I am reading a csv file in Pyspark as follows:
df_raw=spark.read.option("header","true").csv(csv_path)
However, the data file has quoted fields with embedded commas in them which should not be treated as commas. How can I handle this in Pyspark ? I know pandas can handle this, but can Spark ? The version I am using is Spark 2.0.0.
Here is an example which works in Pandas but fails using Spark:
In [1]: import pandas as pd
In [2]: pdf = pd.read_csv('malformed_data.csv')
In [3]: sdf=spark.read.format("org.apache.spark.csv").csv('malformed_data.csv',header=True)
In [4]: pdf[['col12','col13','col14']]
Out[4]:
col12 col13 \
0 32 XIY "W" JK, RE LK SOMETHINGLIKEAPHENOMENON#YOUGOTSOUL~BRINGDANOISE
1 NaN OUTKAST#THROOTS~WUTANG#RUNDMC
col14
0 23.0
1 0.0
In [5]: sdf.select("col12","col13",'col14').show()
+------------------+--------------------+--------------------+
| col12| col13| col14|
+------------------+--------------------+--------------------+
|"32 XIY ""W"" JK| RE LK"|SOMETHINGLIKEAPHE...|
| null|OUTKAST#THROOTS~W...| 0.0|
+------------------+--------------------+--------------------+
The contents of the file :
col1,col2,col3,col4,col5,col6,col7,col8,col9,col10,col11,col12,col13,col14,col15,col16,col17,col18,col19
80015360210876000,11.22,X,4076710258,,,sxsw,,"32 YIU ""A""",S5,,"32 XIY ""W"" JK, RE LK",SOMETHINGLIKEAPHENOMENON#YOUGOTSOUL~BRINGDANOISE,23.0,cyclingstats,2012-25-19,432,2023-05-17,CODERED
61670000229561918,137.12,U,8234971771,,,woodstock,,,T4,,,OUTKAST#THROOTS~WUTANG#RUNDMC,0.0,runstats,2013-21-22,1333,2019-11-23,CODEBLUE
I noticed that your problematic line has escaping that uses double quotes themselves:
"32 XIY ""W"" JK, RE LK"
which should be interpreter just as
32 XIY "W" JK, RE LK
As described in RFC-4180, page 2 -
That's what Excel does, for example, by default.
Although in Spark (as of Spark 2.1), escaping is done by default through non-RFC way, using backslah (\).
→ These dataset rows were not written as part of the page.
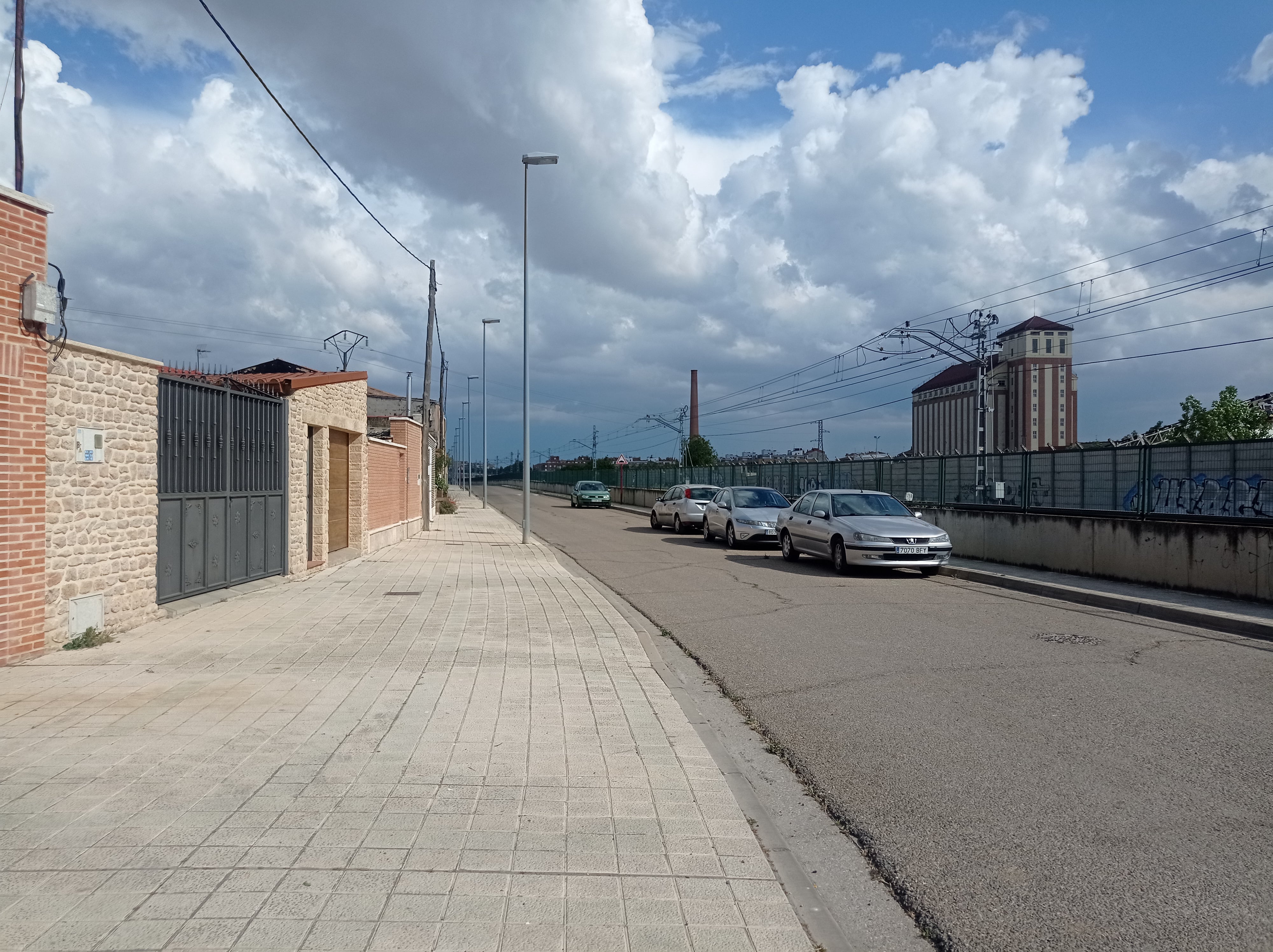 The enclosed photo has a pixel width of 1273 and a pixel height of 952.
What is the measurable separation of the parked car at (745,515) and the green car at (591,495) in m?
Result: 27.5

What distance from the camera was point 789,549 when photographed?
18719mm

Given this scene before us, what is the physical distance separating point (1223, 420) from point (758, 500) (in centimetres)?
4519

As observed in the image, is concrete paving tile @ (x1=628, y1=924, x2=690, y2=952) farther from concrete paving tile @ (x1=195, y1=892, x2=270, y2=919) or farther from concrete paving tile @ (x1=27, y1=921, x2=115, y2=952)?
concrete paving tile @ (x1=27, y1=921, x2=115, y2=952)

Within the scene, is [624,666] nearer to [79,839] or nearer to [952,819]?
[952,819]

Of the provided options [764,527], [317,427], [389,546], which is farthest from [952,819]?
[389,546]

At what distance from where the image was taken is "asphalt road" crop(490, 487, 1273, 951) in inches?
144

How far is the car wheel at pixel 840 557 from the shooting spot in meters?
16.0

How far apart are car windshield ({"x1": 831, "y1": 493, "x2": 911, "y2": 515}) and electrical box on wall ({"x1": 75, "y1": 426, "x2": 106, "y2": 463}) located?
11686 mm

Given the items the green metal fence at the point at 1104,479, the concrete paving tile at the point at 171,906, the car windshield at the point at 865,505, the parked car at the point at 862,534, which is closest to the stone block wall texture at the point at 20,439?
the concrete paving tile at the point at 171,906

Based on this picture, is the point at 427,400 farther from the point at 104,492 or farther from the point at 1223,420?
the point at 1223,420

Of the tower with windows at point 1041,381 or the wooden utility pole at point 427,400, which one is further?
the tower with windows at point 1041,381

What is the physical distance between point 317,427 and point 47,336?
24.8ft

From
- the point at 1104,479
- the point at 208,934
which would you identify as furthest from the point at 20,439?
the point at 1104,479

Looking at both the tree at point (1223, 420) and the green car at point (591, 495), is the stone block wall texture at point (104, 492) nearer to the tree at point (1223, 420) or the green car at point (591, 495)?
the green car at point (591, 495) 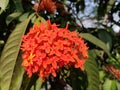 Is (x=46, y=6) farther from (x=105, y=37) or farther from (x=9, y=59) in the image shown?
(x=9, y=59)

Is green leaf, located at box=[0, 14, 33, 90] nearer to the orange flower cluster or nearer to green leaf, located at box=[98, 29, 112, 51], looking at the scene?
the orange flower cluster

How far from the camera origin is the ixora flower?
107 centimetres

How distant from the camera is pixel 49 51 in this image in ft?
3.49

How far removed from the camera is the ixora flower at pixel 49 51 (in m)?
1.07

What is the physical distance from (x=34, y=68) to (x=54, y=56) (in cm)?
8

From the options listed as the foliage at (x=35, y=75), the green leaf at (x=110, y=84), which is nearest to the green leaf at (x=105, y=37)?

To fix this you have to explicitly tell Spark to use doublequote to use for as an escape character:
.option("quote", "\"")
.option("escape", "\"")
This may explain that a comma character wasn't interpreted as it was inside a quoted column.
Options for Spark csv format are not documented well on Apache Spark site, but here's a bit older documentation which I still find useful quite often:
https://github.com/databricks/spark-csv
Update Aug 2018: Spark 3.0 might change this behavior to be RFC-compliant. See SPARK-22236 for details.